米中間の関税戦争が激化する中、当初中国の航空会社向けに製造されたボーイング機が4月19日、アメリカの製造拠点へと戻された。
この機体は中国・厦門航空向けのボーイング737 MAXで、同日午後6時過ぎ、ワシントン州シアトルにあるボーイング・フィールドに着陸した。機体には厦門航空の塗装が施されている。
この機体は、中国・舟山にあるボーイングの最終仕上げセンターで、納入直前の作業を待っていた多数の737 MAXのうちの1機だ。アメリカまでの約8千キロの帰路では、グアムとハワイで給油を行いながら飛行している。
トランプ大統領は、中国からの輸入品に対する基本関税率を145%に引き上げ、中国共産党政権もこれに対抗してアメリカ製品に125%の報復関税を課した。航空コンサルティング会社IBAによれば、約5500万ドルとされるこの機体の輸入に対し、中国の航空会社には多額の関税負担が発生する可能性がある。
この737 MAXの帰還については、ボーイング側も厦門航空側も、誰が最終的に決定したのかを明らかにしていない。
737 MAXはボーイングの主力機種だが、2018年と2019年に発生した2件の墜落事故で乗員・乗客全員が死亡するなど、複数の安全上の問題が指摘されてきた。2024年には、アラスカ航空の737 MAXのドアパネルが離陸直後に脱落する事故が発生し、米連邦航空局(FAA)はボーイングに対する監視体制を強化している。

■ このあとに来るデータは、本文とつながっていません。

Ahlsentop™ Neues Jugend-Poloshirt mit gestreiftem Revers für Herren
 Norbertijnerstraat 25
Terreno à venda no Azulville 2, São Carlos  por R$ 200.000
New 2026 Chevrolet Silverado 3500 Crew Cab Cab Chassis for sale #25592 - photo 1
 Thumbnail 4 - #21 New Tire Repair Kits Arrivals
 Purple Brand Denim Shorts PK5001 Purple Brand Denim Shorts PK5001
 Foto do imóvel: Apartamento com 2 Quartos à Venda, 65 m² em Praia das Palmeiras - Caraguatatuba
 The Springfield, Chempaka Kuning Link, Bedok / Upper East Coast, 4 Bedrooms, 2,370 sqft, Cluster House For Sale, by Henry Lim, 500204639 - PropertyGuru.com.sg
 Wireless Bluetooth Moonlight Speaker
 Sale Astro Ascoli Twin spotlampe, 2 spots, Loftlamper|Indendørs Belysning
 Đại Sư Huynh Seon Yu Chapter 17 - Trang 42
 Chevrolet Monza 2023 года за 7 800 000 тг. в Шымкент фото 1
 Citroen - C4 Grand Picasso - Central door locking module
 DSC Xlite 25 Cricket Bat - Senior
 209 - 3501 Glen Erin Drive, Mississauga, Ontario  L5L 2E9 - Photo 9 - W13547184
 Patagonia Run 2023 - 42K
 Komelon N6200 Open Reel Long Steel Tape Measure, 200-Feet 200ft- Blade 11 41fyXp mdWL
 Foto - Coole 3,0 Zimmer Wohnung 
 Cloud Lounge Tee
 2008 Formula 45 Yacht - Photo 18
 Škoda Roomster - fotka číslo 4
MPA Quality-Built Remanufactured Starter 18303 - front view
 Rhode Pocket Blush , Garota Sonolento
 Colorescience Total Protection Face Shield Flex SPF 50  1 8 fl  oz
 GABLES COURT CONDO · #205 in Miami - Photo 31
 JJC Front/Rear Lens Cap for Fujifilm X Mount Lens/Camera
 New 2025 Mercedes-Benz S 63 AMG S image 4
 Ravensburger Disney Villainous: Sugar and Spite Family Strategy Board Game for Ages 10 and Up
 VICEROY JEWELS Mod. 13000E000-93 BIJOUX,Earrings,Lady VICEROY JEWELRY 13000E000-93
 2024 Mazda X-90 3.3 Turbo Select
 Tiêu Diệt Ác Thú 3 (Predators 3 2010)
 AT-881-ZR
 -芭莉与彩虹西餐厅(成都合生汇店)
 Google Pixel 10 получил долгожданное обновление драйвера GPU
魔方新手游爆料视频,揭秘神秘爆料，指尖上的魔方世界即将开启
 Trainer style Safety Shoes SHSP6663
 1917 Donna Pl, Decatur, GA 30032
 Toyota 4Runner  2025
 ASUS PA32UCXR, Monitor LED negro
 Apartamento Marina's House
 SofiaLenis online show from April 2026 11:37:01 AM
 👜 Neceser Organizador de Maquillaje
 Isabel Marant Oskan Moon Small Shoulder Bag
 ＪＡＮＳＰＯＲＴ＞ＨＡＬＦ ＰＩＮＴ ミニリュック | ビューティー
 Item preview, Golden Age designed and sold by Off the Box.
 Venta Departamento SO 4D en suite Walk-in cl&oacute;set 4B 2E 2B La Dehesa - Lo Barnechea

今回の厦門航空向け737MAX機のアメリカ帰還は、航空業界が長年享受してきた関税免除の時代が終わりつつあることを示すもので、新造機の納入体制にも混乱が生じている。
さらに、ボーイングは過去5年近くにわたり、中国向け737 MAXの輸出を停止しており、状況の悪化に拍車をかけている。業界アナリストによると、関税制度の急激な変化により、一部の航空会社は納入を延期して関税回避を図ろうとする動きを見せているという。
また、中共政府が国内の航空会社に対し、ボーイング機の新規受領を停止するよう指示しているとの報道もあり、4月15日にはボーイングの株価が2.5%下落。今年に入ってからの累計下落率は10%に達している。
トランプ氏は4月18日、中共の高官から取引に向けた接触があったと明かし、「これ以上中国に関税を上げさせたくない。一定の水準を超えると、アメリカ製品が買われなくなってしまう」と述べた。さらに今後、「3〜4週間のうちに関税戦争を終結させる合意が成立する可能性がある」との見通しを示している。